The same day, the anticipation of having to make nice with her, simply because she’s seeing my partner, made me anxious and tearful and the now-familiar stomach ache came back. I sent her another message. I won’t be meeting with her. I am protecting myself and holding my boundaries. The end.
So now we come back around to Special Man. I sent him this message:
“I’ve been acting under an assumption that I was obligated to make things good with me and A. in the name of good poly, or for the good of our greater poly network. I think it’s something I put on myself, and it’s something that you have put on me in the past with CC and anticipate will put on me in the future with A. Ideally, I want to be friendly with your other partners and with Cc’s partners and with their other partners. I made a huge effort with A. even when I was uncomfortable out of obligation to you and *good poly*. My obligation ended when she made it clear to me that I have some serious and valid! boundaries around cultivating relationships with people whose mental illness causes them to be irrational, abusive, and out of control. And I have been feeling hurt that you don’t have the same boundaries and that isn’t fair to you. You don’t have the same boundaries. You’re OK with her.
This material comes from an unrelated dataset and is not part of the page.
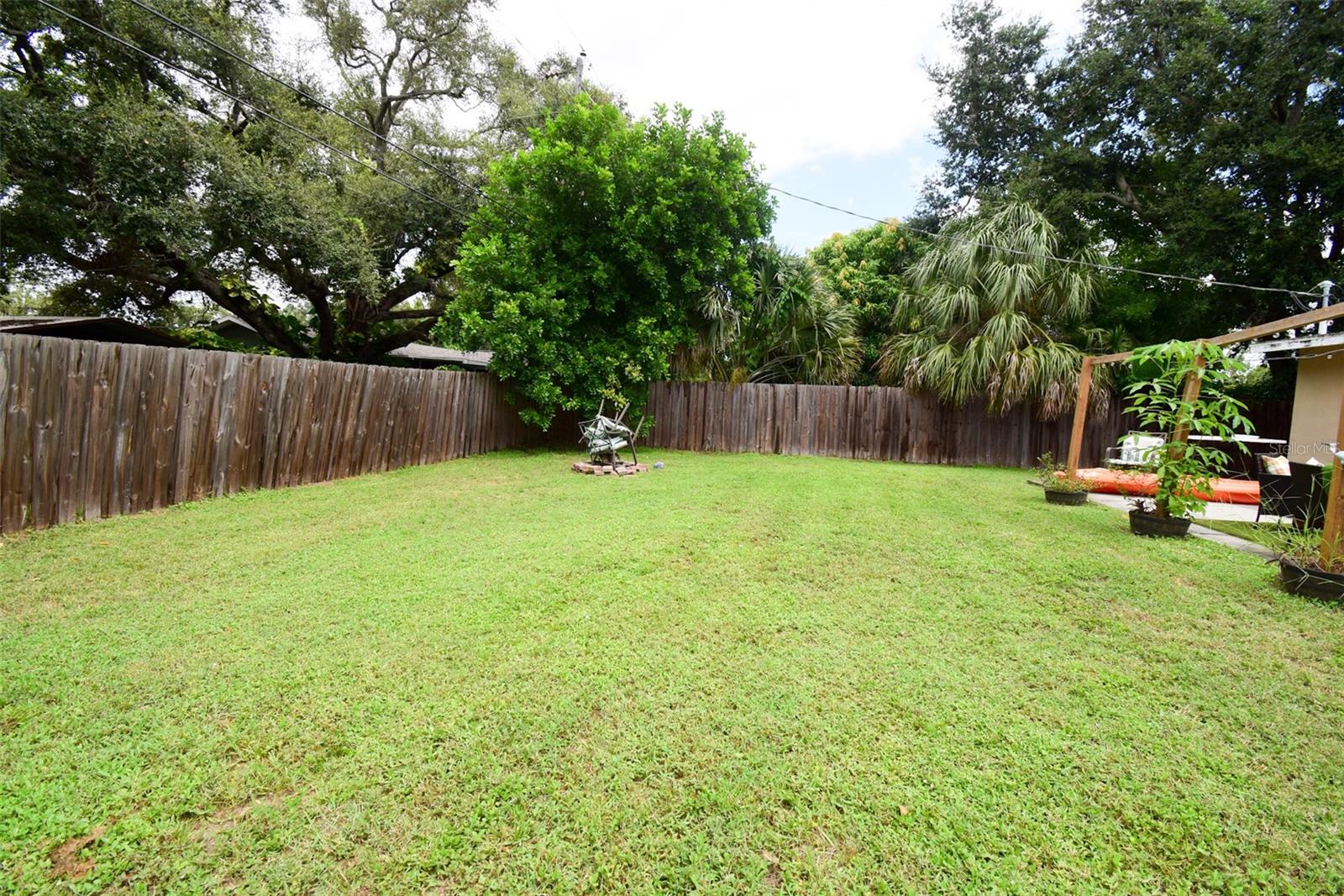 SOUTH VENICE - Residential Lease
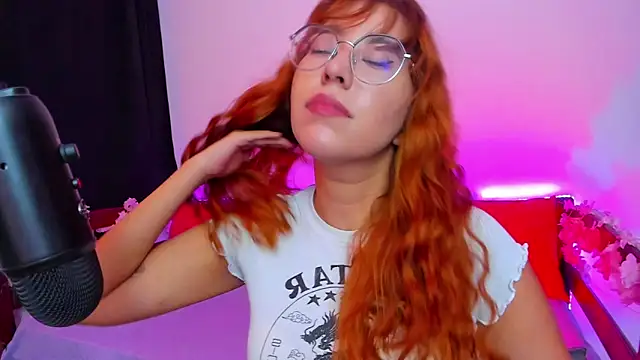 Snapshot of _Moon_Johnson chatting on 15, 9, 2025  Moon Johnson online show from 15, 9, 2025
And that should be okay with me. I need to respect you and your choices while still taking care of myself. And you’ll have to respect my choices. Don’t ask me to hang out with her and don’t give me a hard time when I choose not to come to things, like poly potluck for example. I will not take your relationship with her as disloyalty to me, but you can’t take my purposeful distance from her as disloyalty to either you*or* to polyamory. I know I’m going to miss things and people and opportunities to spend time with you because of my choice, but it’s also because of your choice. And that’s just the way it is. I messaged her last night in a fit of obligation, to see if she wanted to have coffee. Maybe she already told you. But I was wrong. I don’t have to fix this, because I am trying to keep myself happy and healthy.”
Monogamy tells us how we are “supposed” to act and feel. Not being monogamous? Well, that’s a whole different ballgame.
Most of the time I don’t even feel like I’m playing ball, at all.